■ THE DATA:
-*-

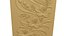 Modern  Hibiscus Blossoms mural Relief Wall Panel STL CNC 110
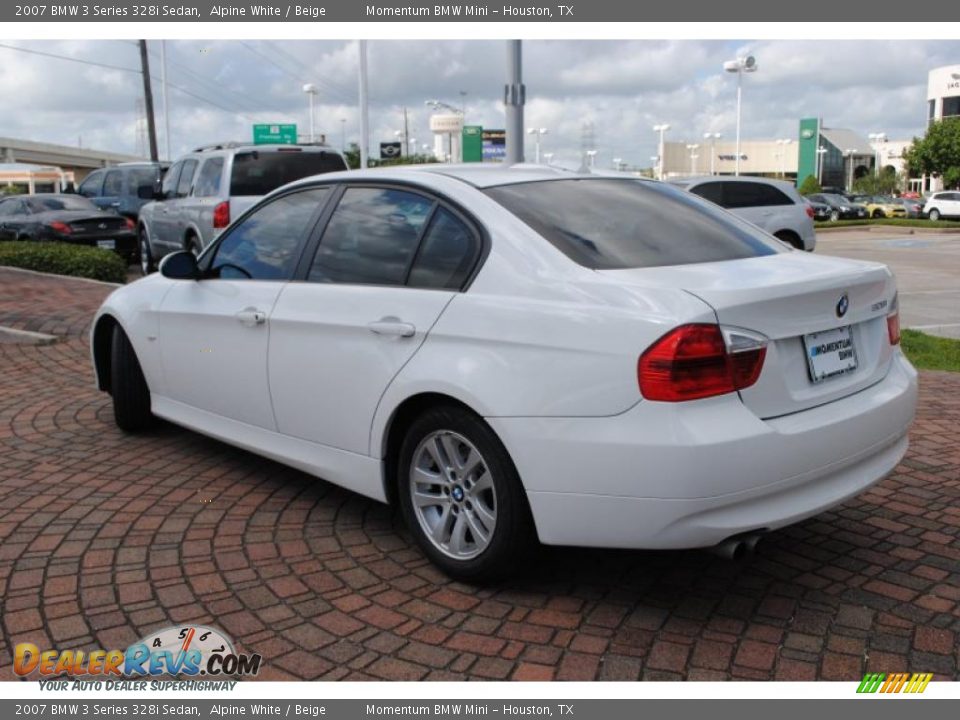 2007 BMW 3 Series 328i Sedan Alpine White / Beige Photo #3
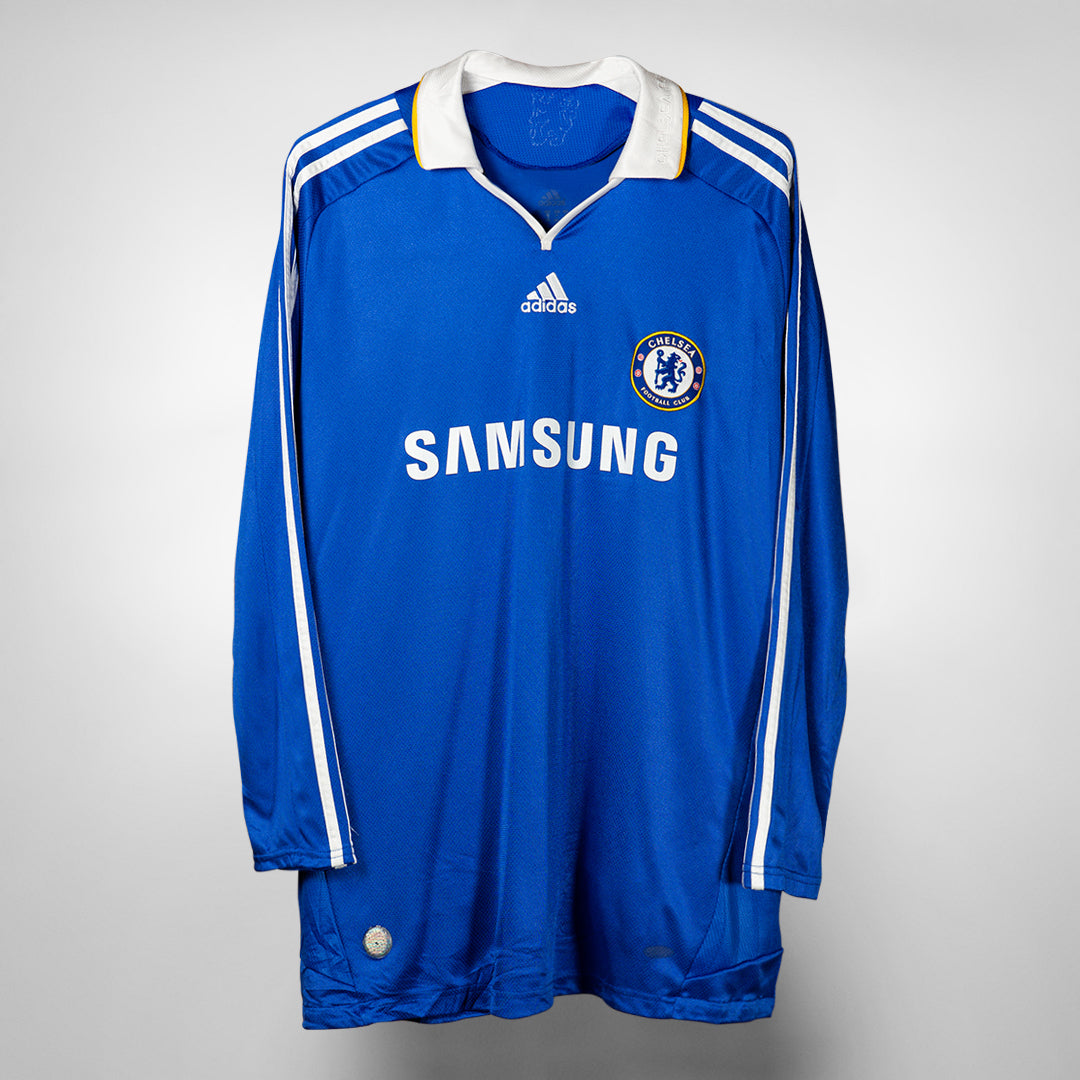 2008-2009 Chelsea Adidas Long Sleeve Home Shirt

-*-

■ THE TASK: The copy must match every line of the data exactly and contain no pictures.

■ TASK SOLUTION:
 Modern  Hibiscus Blossoms mural Relief Wall Panel STL CNC 110
 2007 BMW 3 Series 328i Sedan Alpine White / Beige Photo #3
 2008-2009 Chelsea Adidas Long Sleeve Home Shirt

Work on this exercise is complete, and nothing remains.